Without the pictures, print the lines from the one holding "그랜드 마제스틱 호텔 프라하 (관광명소근처) 아고다 특가 예약팁" through the last line below, both included, exactly as they stand.

▸ DATA FOR ANALYSIS
====

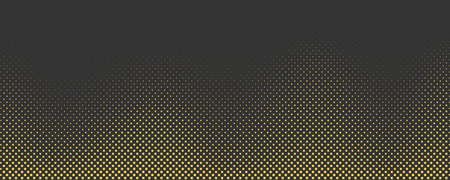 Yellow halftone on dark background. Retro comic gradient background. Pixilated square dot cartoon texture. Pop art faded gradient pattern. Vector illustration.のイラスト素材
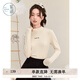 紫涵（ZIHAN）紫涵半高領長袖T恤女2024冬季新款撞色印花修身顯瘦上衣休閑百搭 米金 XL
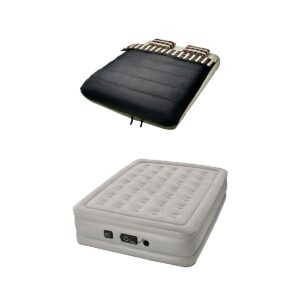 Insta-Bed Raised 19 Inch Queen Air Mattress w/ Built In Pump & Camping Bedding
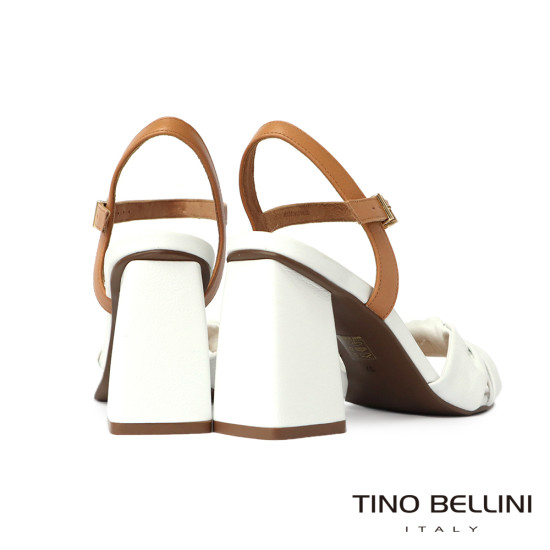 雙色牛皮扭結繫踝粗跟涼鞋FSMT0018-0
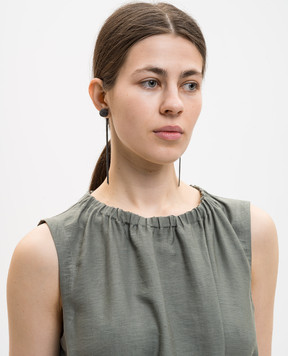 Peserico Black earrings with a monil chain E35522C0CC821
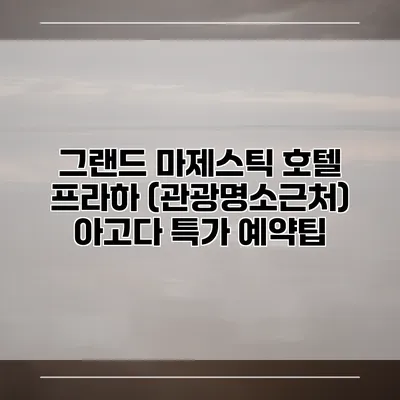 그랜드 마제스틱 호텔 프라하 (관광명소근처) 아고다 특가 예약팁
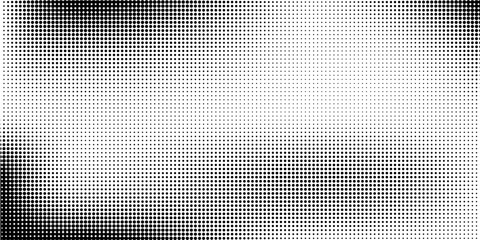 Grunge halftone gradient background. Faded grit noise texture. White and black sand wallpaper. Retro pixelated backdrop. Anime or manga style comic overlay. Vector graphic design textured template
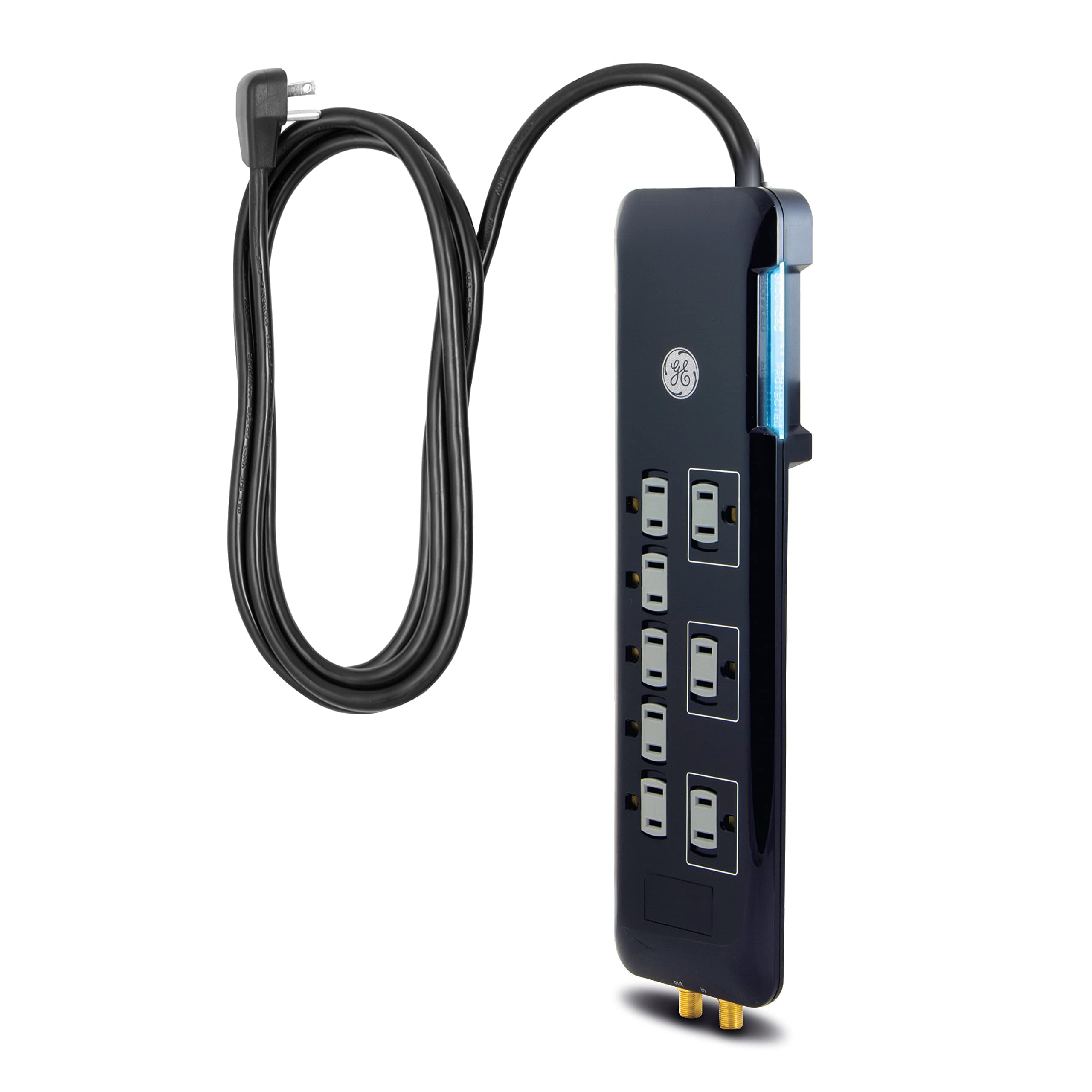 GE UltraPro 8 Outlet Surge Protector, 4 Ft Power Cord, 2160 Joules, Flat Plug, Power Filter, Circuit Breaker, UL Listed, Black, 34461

====

▸ TASK RESPONSE
 그랜드 마제스틱 호텔 프라하 (관광명소근처) 아고다 특가 예약팁
 Grunge halftone gradient background. Faded grit noise texture. White and black sand wallpaper. Retro pixelated backdrop. Anime or manga style comic overlay. Vector graphic design textured template
 GE UltraPro 8 Outlet Surge Protector, 4 Ft Power Cord, 2160 Joules, Flat Plug, Power Filter, Circuit Breaker, UL Listed, Black, 34461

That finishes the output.